This week the Library of Congress announced, via a tweet, that they have been given the full back catalogue of tweets from Twitter to archive. This is kinda huge, and I don’t just mean in terms of storage space.
For the Library of Congress, they are confirming loudly their continued commitment to preserving and researching what matters to their nation, and with it the absolute requirement there is for them to do so. This furthers the important work they have already done in digital file standards and the semantic web, and shows an understanding and sensitivity towards the way history is now being written, and by whom. For some time now we have spoken of the changes in the news and publishing industries, and the role the average person can now play in communicating news.
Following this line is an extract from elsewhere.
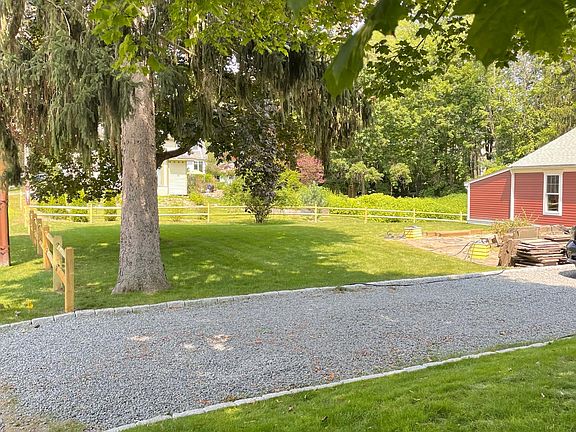 Fenced back yard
With this announcement, there is a sense of validation for what was already a widely accepted change in communications medium.
For Twitter, they have become the social network of history - it is the information passed through the channel they created that is being stored for all of time. One of the underlying concepts that has led Twitter to this has been their ideal of openness. Facebook, MySpace and even Friends Re-united before them kept everything locked down and internal - holding the data their users created close to them, in case it represented any possibility for further revenue. When you post on Twitter, the information you create is publicly available - therefore it can justifiably be viewed as such, archived and made available to researchers.
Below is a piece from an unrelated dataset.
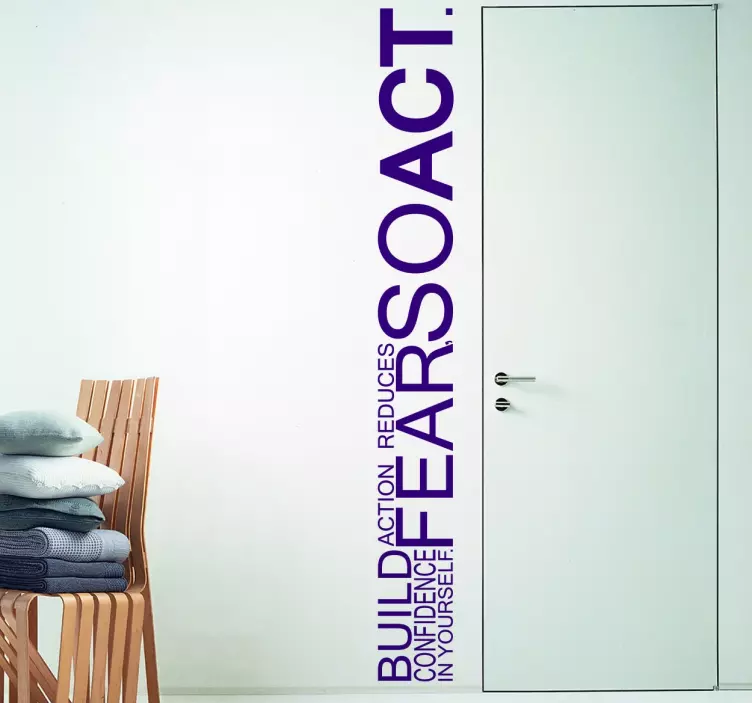 Väggklistermärken djur bygg självförtroende - Tenstickers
Twitter has therefore come to represent the thoughts of the population at any given snapshot in time, including historical events like the Obama election, topical events such as Michael Jackson’s death and real-time news like the Hudson Bay plane crash. While admittedly it is an unfortunate aside that many of the populations thoughts continue to be drivel, contained within them are the views of the masses on key events, and the idea that these remain open and accessible for researchers is very significant. A colleague rightly commented today that much content of newspapers is also drivel, but as with Twitter, the key news is still documented, discussed and evaluated within. How heartbreakingly (in fact, chillingly) different the communications surrounding 9/11 would be to look back on had twitter been used then as it is now.
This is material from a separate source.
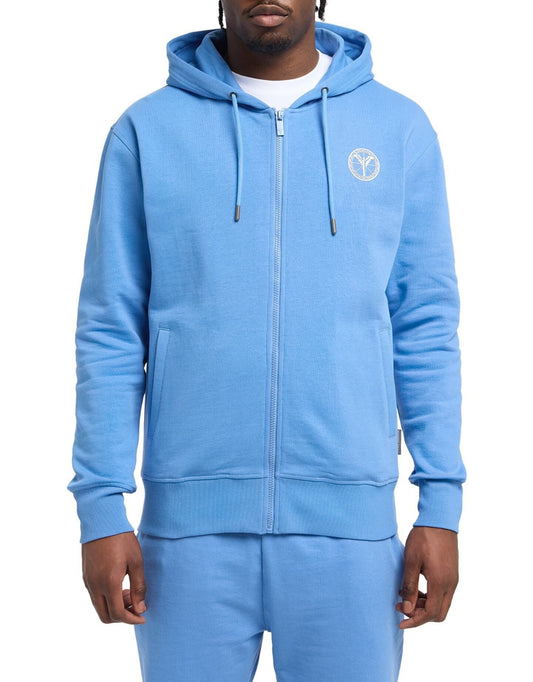 (177+178) Carlo Colucci Anzug Short + Sweatjacke hellblau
We can therefore hail this as an important step for both research and open access. We can expect university researchers to draw immediate and fascinating data from the archives that attracts public interest and engagement. As many academic papers, conferences, and concepts are discussed online and tweeted, we may even find new ways to collate the information surrounding ‘published research’. This creates an odd irony - a company’s committment to openness may have made it easier to access what people think about a piece of research than it is to access the actual published document.